§ **ACTION ITEM**:
Within the entries below, please retype exactly the lines starting with the line that has "Underwater Scuba Diver" and going on through the line that has "Photo 1 of (2", but not the pictures.

§ **RECORDED INFORMATION**:
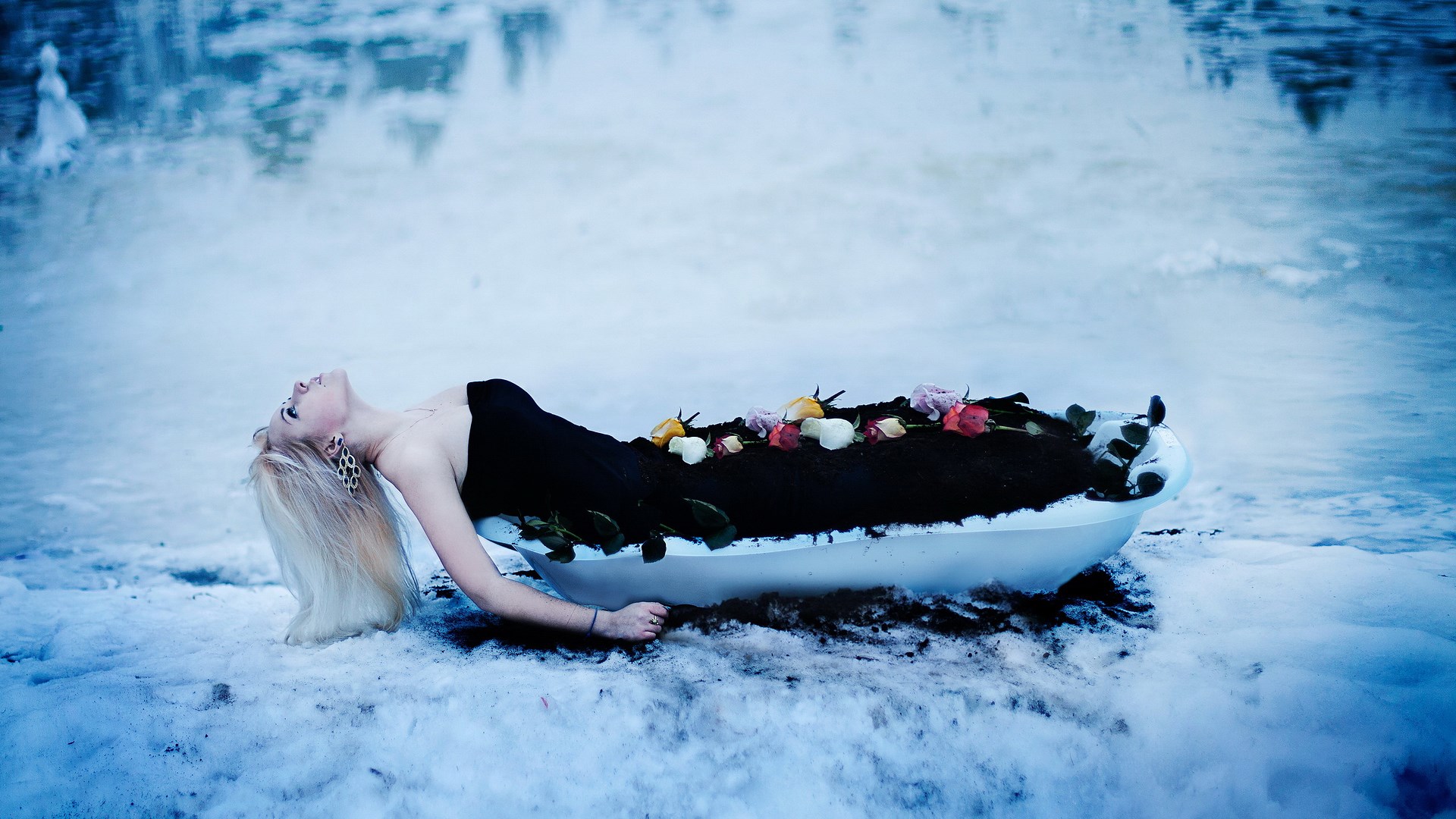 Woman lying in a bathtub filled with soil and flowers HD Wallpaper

...

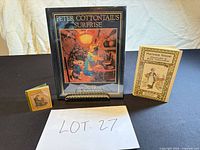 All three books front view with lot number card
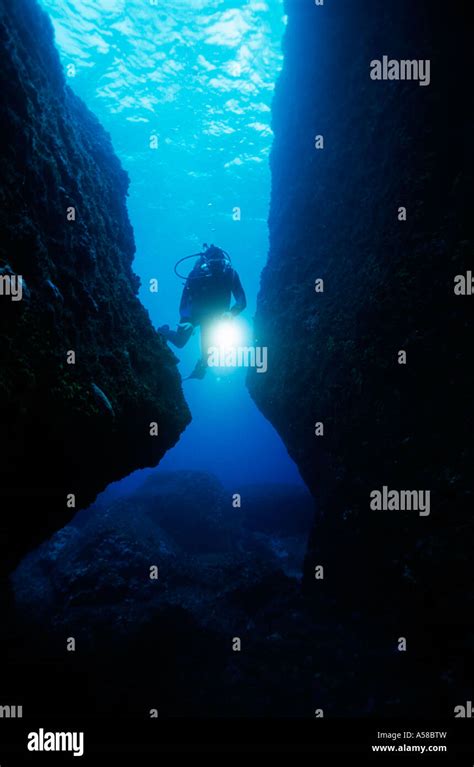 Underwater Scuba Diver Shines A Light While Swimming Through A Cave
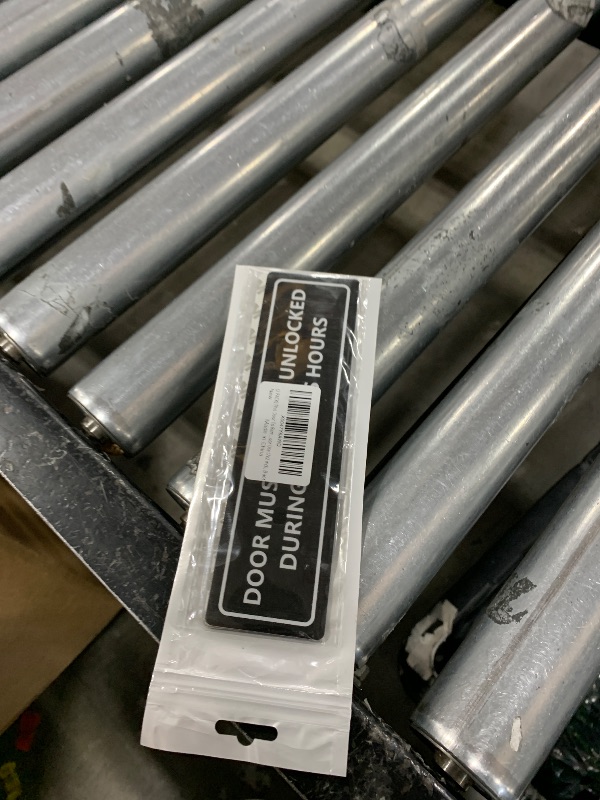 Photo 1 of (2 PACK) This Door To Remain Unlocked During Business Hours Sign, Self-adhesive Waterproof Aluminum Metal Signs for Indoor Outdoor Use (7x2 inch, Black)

§ **TASK OUTPUT**:
 Underwater Scuba Diver Shines A Light While Swimming Through A Cave
 Photo 1 of (2 PACK) This Door To Remain Unlocked During Business Hours Sign, Self-adhesive Waterproof Aluminum Metal Signs for Indoor Outdoor Use (7x2 inch, Black)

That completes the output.